Basic Logic Concepts
By way of review, I pointed out today that our investigations last week revealed that hard moral cases, aka moral dilemmas, are problematic because:
- In a moral dilemma we find apparently equally good reasons for alternative, incompatible, and consequential courses of action.
- The existence of such competing reasons makes us unsure how to proceed, particularly when the stakes are high.
- Competing reasons raises the difficult question of how we should go about adjudicating between them.
- The challenge of assessing competing reasons in an unbiased, principled way can even make us wonder whether there really is a morally right course of action in the first place!
The problem is not just that of weighing the relative merits of reasons for and against a given course of action. It runs deeper than that. For we are inevitably led to asking about the reasons for the reasons. That is, we can only contrast and evaluate reasons pro and con once we fully understand the justification, in turn, for those reasons. What are the arguments, in other words, for and against the reasons themselves? Presumably, reasons pro or con will have merit to the extent that we can give good arguments for them. How, though, do we evaluate these arguments?
Logic is foundational in the sense that virtually everything we do in the course involves the presentation and critical assessment of arguments. Of course, it is completely unfair to expect students to understand logic after one or two lectures; it's the best we can do in a course of this nature, nonetheless.
I do not expect, require, demand, or even believe that you understand every concept from today's lecture. At best, the terminology of arguments is "in the air", as it were, and definitions are available for your repeated review. What I have discovered from previous classes is that once I start using the terminology on a regular basis, students steadily catch on to what is meant. If you feel completely lost, take heart: There are many, many others feeling the same way at this point.
Eventually you will be able (I promise!) to
- Explain the distinction between inductive and deductive arguments.
- Explain the distinction between a weak and a strong inductive argument.
- Explain the distinction between invalid, valid, and sound deductive arguments.
There are a few facts about arguments which are crucial. If you don't understand them at first, you should at least memorize them.

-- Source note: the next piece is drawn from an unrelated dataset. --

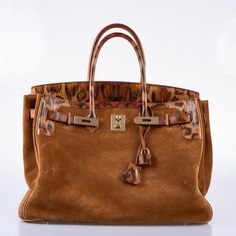 Hermes Birkin 35 Fauve Grizzly Suede & Capucine Evercolor Permabrass Hardware – JaneFinds Luxury Hand Painted Brown Bags, Vintage Hermes Crossbody Bag, Luxury Leopard Print Bags For Formal Events, Investment Bags, Hermes Birkin 35, Handbag Organization, Vintage Hermes, Pretty Bags, Mode Inspo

- It is always possible for the conclusion of an inductive argument to be false, even when all the premises of the argument are true. (Remember the white crow!)
- In a valid deductive argument, the conclusion must be true if the premises are all true.
- If one or more of the premises in a valid deductive argument are false, it does not follow that the conclusion is false. The conclusion may still be true; the argument just doesn't give us any reason for thinking that it is true.
- If the conclusion of a valid deductive argument is false, at least one of the premises must be false.
- A valid argument may have all true premises and (necessarily) a true conclusion, a false conclusion and (necessarily) one or more false premises, false premises and a false conclusion, or false premises and a true conclusion.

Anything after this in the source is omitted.